I have a confession:
I hate Date Night.
Seriously. Hate.
I love my spouse, but really, Date Night is just too much pressure, especially because we live in such a lame city with no live music or theater or decent restaurants. No improv or stand-up places. There’s candlepin bowling, but then you have to put up with the other bowlers. And we’ve done that already anyway.
We’ve gone hiking, but we do that with the kids and it’s getting dark so early now, I’m worried we’ll surprise a skunk, which would make for a memorable Date Night, but not a terribly fun one.
Last time we had a Date Night, we went to the lawyer’s office and signed our wills and then went grocery shopping.
We don’t want to go out to the movies because we do that at home and it’s not much of an interactive date anyway. We could go out for drinks, but we’d have to drive quite a ways to find a non-sports-bar spot, and my spouse would either want me to drive or want me to drink to excess to make it worthwhile for him to abstain because one of us has to get drunk if we’re going out for drinks and if I drank moderately, I wouldn’t be doing my part.

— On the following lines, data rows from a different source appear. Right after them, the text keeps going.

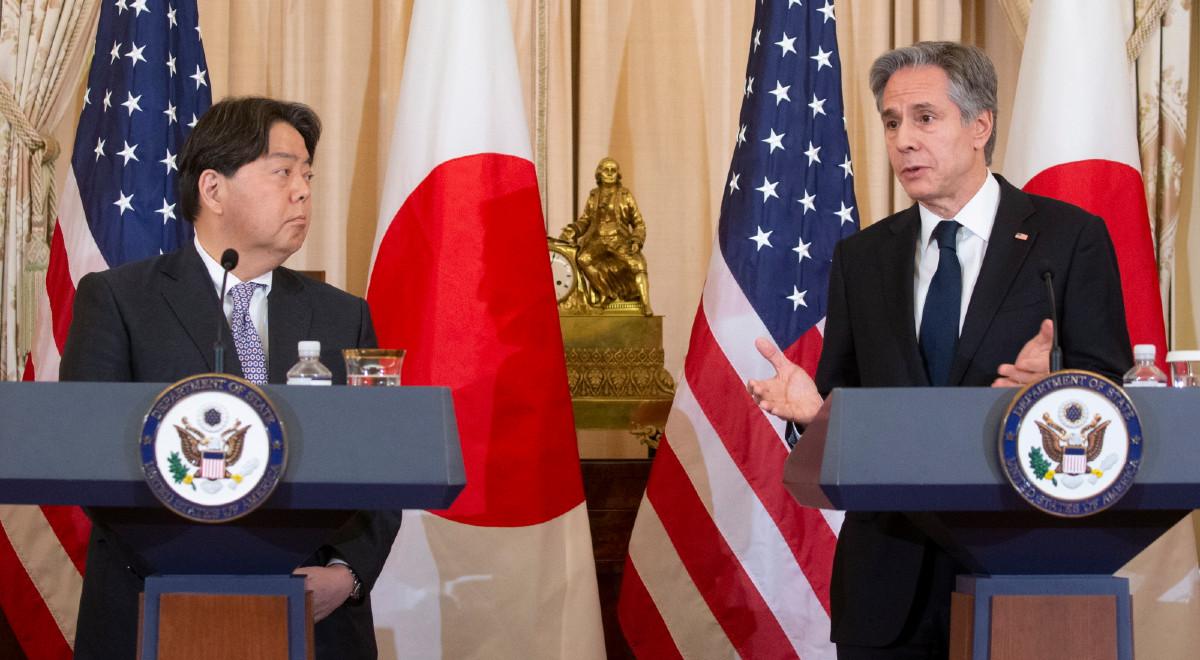 Japonia chce ściślej współpracować z USA. Obrona także przed atakami w kosmosie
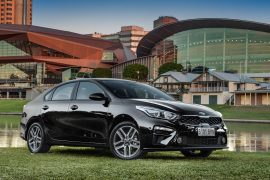 All-new 2019 Kia Cerato officially on sale in Australia from $19,990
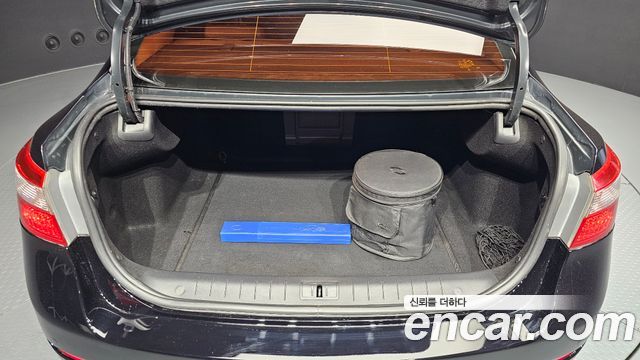 Renault Korea SM5  2010 — photo 20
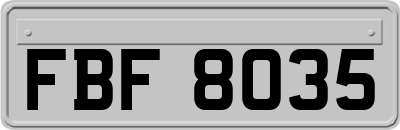 FBF8035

My spouse says that, according to the experts, we should learn something new together, so we tried that route. We looked for one-time art workshops. There are a few places that offer art workshops, but one offers them only as part of an eight-class series, another offers them only as part of a “party,” another offers them only on Thursday nights, another only on Monday afternoons, and still another doesn’t have their current schedule up. There’s a paint-your-own-pottery place, but that seems kindergarten-y, and we’d then be tied into going back in a week to pick up ceramics we didn’t need in the first place. Besides, I don’t really want to have a Date Night doing something I’d do with the kids.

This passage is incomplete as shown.